Mechanical vs Capacitive Switches: What’s the Difference?

Feb 2, 2022

When shopping for switches, you may come across mechanical and capacitive. Switches, of course, are found in countless electronic devices. Consisting of the conductive pathways, they are used to control a circuit. While some switches are mechanical, however, others are capacitive. What’s the difference between mechanical and capacitive switches exactly?

What Is a Mechanical Switch?

A mechanical switch is a type of circuit-controlling component that uses a mechanical method of operation. As previously mentioned, all switches are designed to control a circuit. They can either allow electricity to travel through their respective conductive pathways, or they can disrupt the flow of electricity. In the former scenario, the circuit will be closed. In the latter scenario, the circuit will be open. Mechanical switches simply use a mechanical method of operation that involves moving parts.

What Is a Capacitive Switch?

A capacitive switch is a type of circuit-controlling component that uses a capacitive, touch-based method of operation. Capacitive switches control circuits just like their mechanical counterparts. Rather than using a mechanical method of operation, though, they leverage the same capacitive technology as certain touchscreen devices.

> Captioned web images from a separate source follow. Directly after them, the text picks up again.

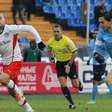 Veja os gols de Krylia 2 x 2 Amkar pelo Campeonato Russo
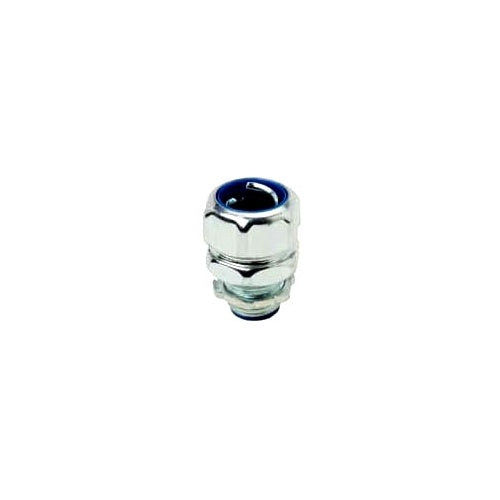 T&B 5339 3" Insulated Liquidtight Connector Straight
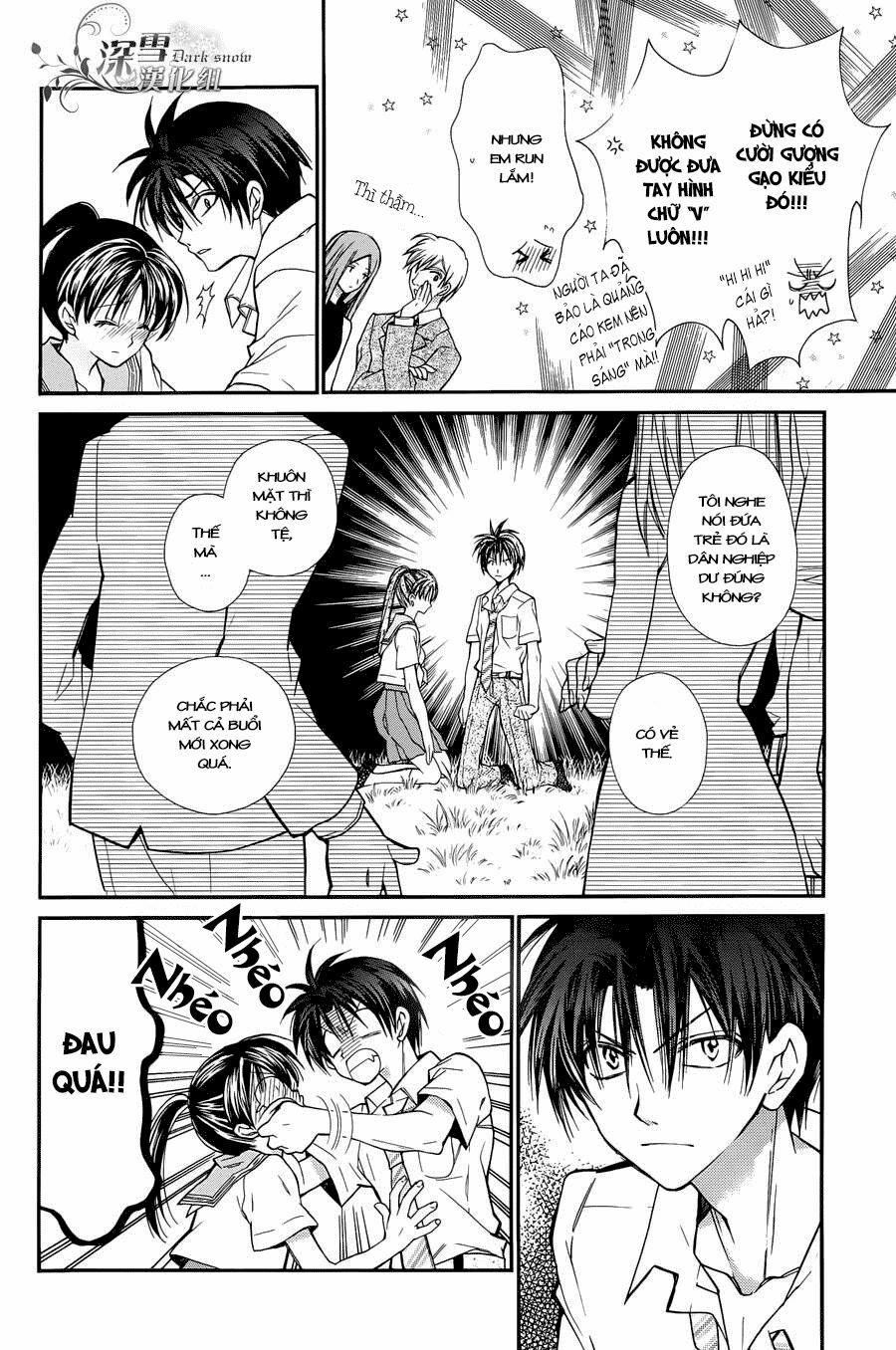 31 Ai Dream 2 trang 22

There are capacitive touchscreens devices available. Tablet computers and smartphones, for example, often use capacitive technology. Capacitive switches leverage this same technology to control a circuit. They don’t have moving parts. Instead, capacitive switches have an interface that responds to touch commands.

Differences Between Mechanical and Capacitive Switches

While they are both designed to control a circuit, mechanical and capacitive switches aren’t the same. Mechanical switches have moving parts. The parts are stationary by defualt. When you press or otherwise interact with a mechanical switch, some of its parts will move. Pressing a mechanical switch, for example, may push a top layer into a bottom layer. Assuming both of these layers have conductive pathways, this may close the circuit.

There are no moving parts in capacitive switches. Capacitive switches respond directly to touch commands. They work by generating a uniform electrostatic field, which they constantly measure. Pressing your finger against a touch switch will draw some of its electrostatic charge to your body.

You can find capacitive switches in a variety of materials. Overlays for capacitive switches, for example, are available in plastic, acrylic and glass. Mechanical switches are typically available in fewer materials. The main difference between mechanical and capacitive switches, however, is their method of operation. Mechanical switches work by leveraging moving parts, whereas capacitive switches work by detecting changes in a uniform electrostatic field.